====== Material provided

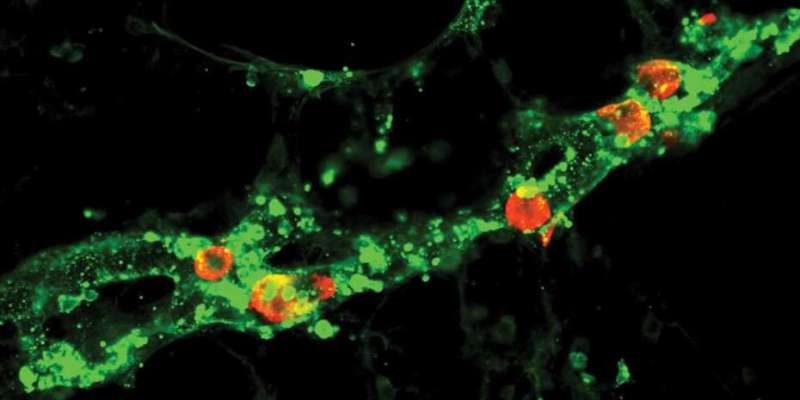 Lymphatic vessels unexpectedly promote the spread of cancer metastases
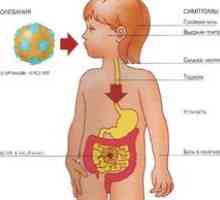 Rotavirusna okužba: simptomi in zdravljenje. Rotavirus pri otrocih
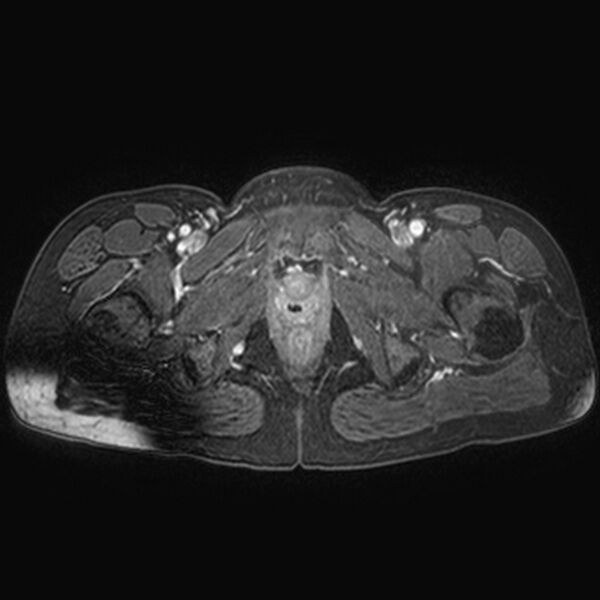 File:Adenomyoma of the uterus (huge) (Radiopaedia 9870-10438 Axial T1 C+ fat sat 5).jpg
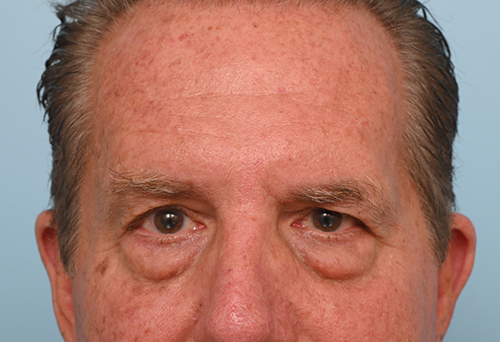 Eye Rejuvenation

============

Your instructions
All of the material should be written out again exactly, apart from the pictures.

Result of this task
 Lymphatic vessels unexpectedly promote the spread of cancer metastases
 Rotavirusna okužba: simptomi in zdravljenje. Rotavirus pri otrocih
 File:Adenomyoma of the uterus (huge) (Radiopaedia 9870-10438 Axial T1 C+ fat sat 5).jpg
 Eye Rejuvenation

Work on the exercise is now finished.